Posted by cafkafk 12 hours ago
What was the net effect of the optimisations? How much faster did it get?
As it is, the title is click-bait for me, as 1) it says I need at least a Xeon somehow and 2) as it doesn't say what I actually need it for.
It's still a "homelab" beast and does great with development and GIS/Mapping applications. I was not able to figure out how to run AI workloads on it with decent performance, however, so I finally broke down and got a dedicated GPU for it. It's pretty great what can still be done with older hardware.
ik_llama includes llama-sweep-bench https://github.com/ikawrakow/ik_llama.cpp/blob/main/examples...
When comparing hardware, the output of these tools is very helpful to let others put it into context. The post says the output is "reading speed" but knowing the prefill and token generation speeds would be a lot more helpful.
You can (sometimes) break even if you have a workstation GPU.
At the low end, I'd use old Xeons with gobs of DDR3, install some V100s, run a smaller agent for general chat inquiries, and a frontier model for the deeper stuff, with a router that passes between them depending on the complexity.

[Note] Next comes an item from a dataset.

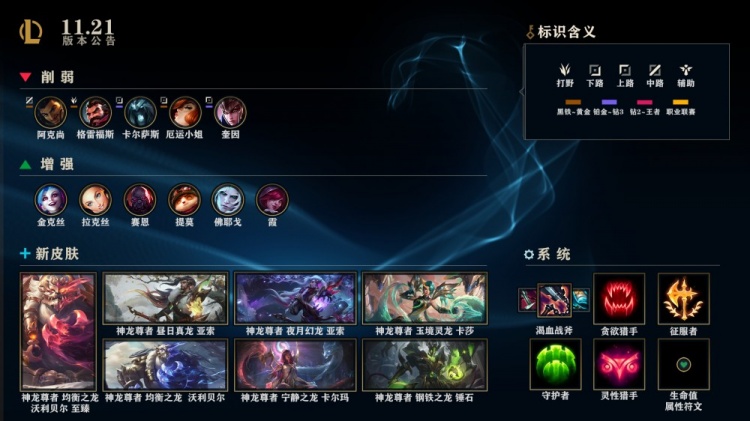 LOL 11.21版本更新内容 关键词调整 英雄符文改动_lol光辉女郎bug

The frontier model would perform very slowly, but if it's a deep task the user can submit it in a batch in the evening e.g. "Correlate all of these cases and look for patterns" then receive the output with morning coffee.
Of course, AI helped me work out a plan for this. Haha
RAM is really slow at silicon speeds. Very little is reachable in one clock cycle, unless the clock cycle is abysmally slow.

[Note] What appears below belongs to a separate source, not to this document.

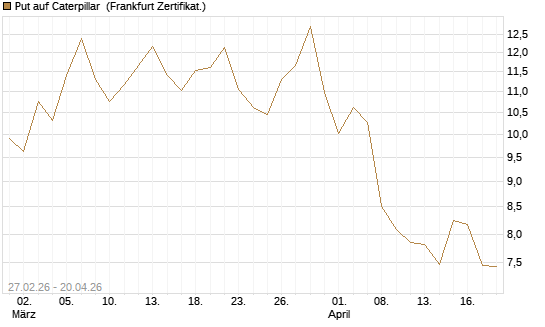 Put auf Caterpillar [BNP Paribas Emissions- und Handelsges.] Chart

Example. If you have a neuron with 16 inputs each 8 bit wide and with a 4 bit weight per input, you will have 16 specialized multipliers each scaling its input by the corresponding weight and then the 16 scaled inputs feed into an adder tree and finally an activation function.
Also I feel like everyone leaves off prompt processing/prefill speeds in these articles. If you are using a very small prompt and asking for mostly generated tokens, sure but I'd love to know the time-to-response of asking for an analysis of an image or a few hundred lines of code.